Last week's terrorist attacks have sent a shock wave through an already-shaky U.S. economy. The tourism industry has been particularly hard hit. Airlines are in disarray after hijacked commercial jets were flown into the World Trade Center in New York and the Pentagon in Washington. In Miami, a city heavily dependent on tourism, business leaders say the local economy is in dire straits.
Miami's beaches usually bustle with activity 24 hours a day year-round. But since the terrorist attacks last week, beaches, clubs and restaurants in Miami have been virtually empty, shunned by vacationers and residents alike. Gerry Kelly runs a popular Miami Beach nightclub that, two weeks ago, was turning people away at the door but now barely attracts a trickle of patrons. "Business is non-existent, particularly in the nightclub industry," he says. "We have learned to take every day as it comes."
And the trend extends well beyond Miami's trendy beaches. Merchants in the city's downtown commercial district are staring at shelves stocked with merchandise that no one is buying. Alex Lacayo is an electronics salesman. "We live off tourism. Downtown Miami lives off tourism, and nobody is coming here," Mr. Lacayo says.

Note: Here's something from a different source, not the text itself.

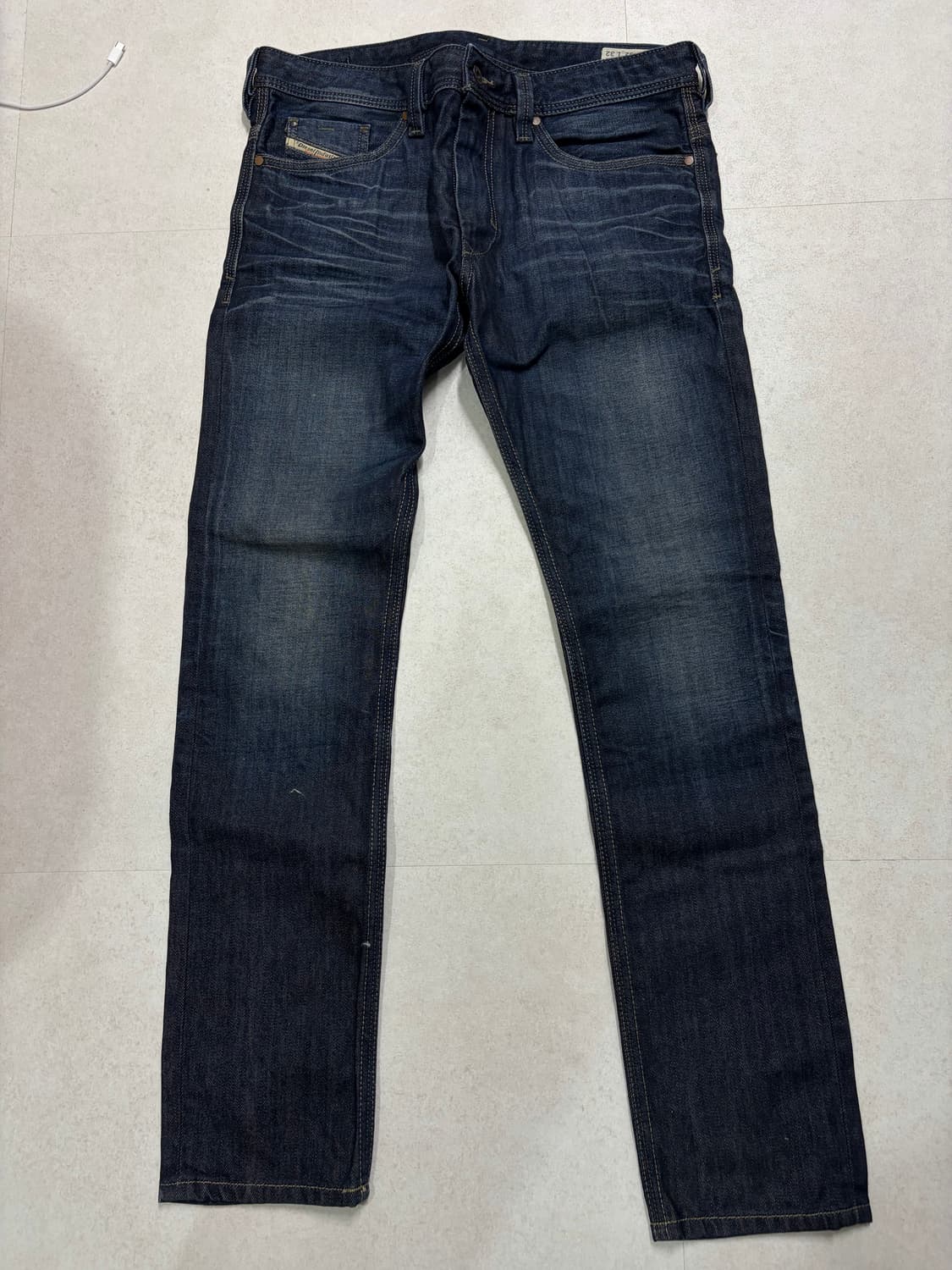 디젤 생지데님 스트레이트핏 새상품급 32 상품이미지1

U.S. airlines have been particularly hard hit In the wake of last week's attacks. They are cutting flights by as much as 20 percent and laying off tens of thousands of employees amid plummeting ticket sales. The reduction in air travel is having a devastating ripple effect throughout south Florida's economy, more than 25 percent of which is dependent on the tourism industry. Hotel occupancy rates, which usually exceed 60 percent this time of year, have fallen by as much as 75 percent, leaving tens of thousands of rooms vacant. Businesses ranging from restaurants to car rental agencies to fishing charter outfits report a similar drop-off in customers.
Responding to slumping demand for services, many businesses large and small are cutting their payrolls. This is occurring in Miami and beyond. In Orlando, Walt Disney World has implemented a hiring freeze and trimmed employee work schedules.
Florida Governor Jeb Bush says the economic woes are creating a budget shortfall for the state government that will necessitate painful spending cuts. "It does not take much to figure out that we are going to be going through some trying times," the governor says. "A lot of Floridians are going to suffer."
It is feared the economic downturn could spiral further downward. Reduced demand for goods and services are forcing layoffs, leaving people strapped for cash and unable to make purchases. If the trend continues, economic activity could be further reduced, forcing more layoffs that, in turn, could further reduce economic demand.
Miami Beach Mayor Neisen Kasdin says he expects unemployment will spike sharply in south Florida in coming weeks. "All of this will manifest itself in government when our unemployment lines increase," he says. "So, it is a very clear domino effect [one thing affecting the other], and one that has me very concerned."
If there is any good news to report, it is that September and October are typically somewhat slow months for Florida's tourist sector, even under the best of conditions. Business leaders say, if the region's economy begins to recover by December, then many who find themselves out of work will be quickly re-hired.